The U.S. Justice Department is probing 11 Swiss banks, including Credit Suisse, Julius Baer, and Basler Kantonalbank.
"I don't know whether other banks are in a similar or same situation ... but what I know is that various banks are being threatened by the United States with prosecution and we will try to do everything ... to come to a solution," Widmer-Schlumpf said.
Switzerland has been lobbying for a year to get the investigations dropped in return for the payment of a hefty fine and the transfer of names of thousands of U.S. bank clients suspected of dodging taxes.
UBS paid $780 million to settle U.S. criminal charges in 2009 and also turned over the names of 4,500 clients.
Widmer-Schlumpf, who held talks in Davos this week with U.S. Treasury Secretary Timothy Geithner, said she hoped to reach a deal in the coming months, but declined to comment on the size of the fines under discussion for Swiss banks.
"It is up to the financial institutions to say how much they are prepared to pay.
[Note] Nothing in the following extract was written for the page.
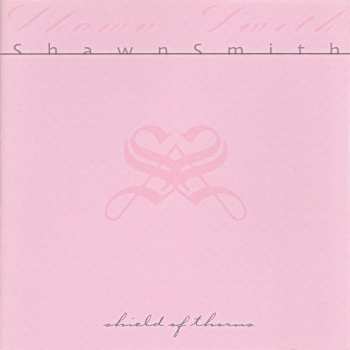 Album Shawn Smith: Shield Of Thorns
It is not up to the state," she said.
Switzerland struck deals last year with Britain and Germany that would allow their citizens to pay tax on secret accounts without revealing their identities, although these are being challenged by the European Commission, which wants to force Switzerland to accept an automatic exchange of bank information.
Widmer-Schlumpf, who also holds the rotating Swiss presidency, said the European Unon had signaled to Switzerland it wanted to discuss a general accord with the bloc.
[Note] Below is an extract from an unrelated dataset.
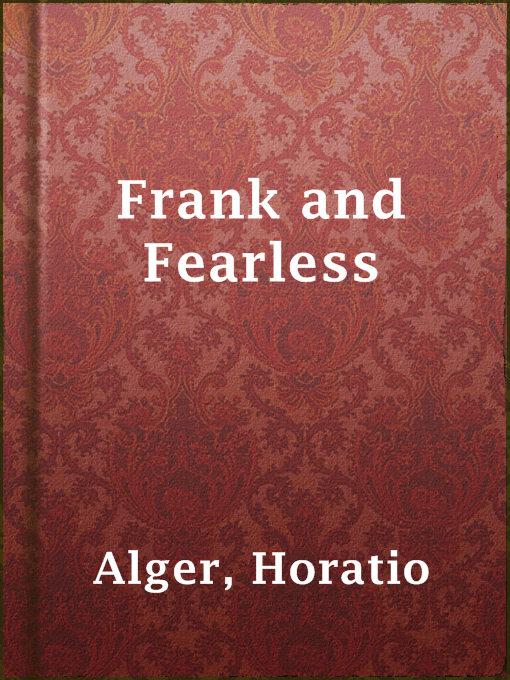 Title details for Frank and Fearless by Horatio Alger - Available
Franc Cap Accepted, Respected
Separately, Widmer-Schlumpf reiterated the determination of the Swiss National Bank to defend the 1.20 per euro cap on the franc it imposed last year even after the resignation of former bank chief Philipp Hildebrand over a currency-trading scandal.
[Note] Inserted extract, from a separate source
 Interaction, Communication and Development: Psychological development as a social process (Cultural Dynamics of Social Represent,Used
"They have said they will do everything to pursue this policy, so the signal is clear," she said.
"We see today that 1.20 is accepted, is respected. Whether the national bank decides sometime to move it, it will have to examine itself and whether it can be defended. That is not up to politicians, that is up to the national bank."
Thomas Jordan, SNB vice chairman who took over as interim head after Hildebrand stepped down, has vowed to defend the cap and said the SNB would take further steps should the economic outlook and deflationary risks make them necessary.
"Mr. Jordan is doing an excellent job," Widmer-Schlumpf said, adding she hoped the SNB's supervisory council would make a proposal as quickly as possible over who should replace Hildebrand permanently.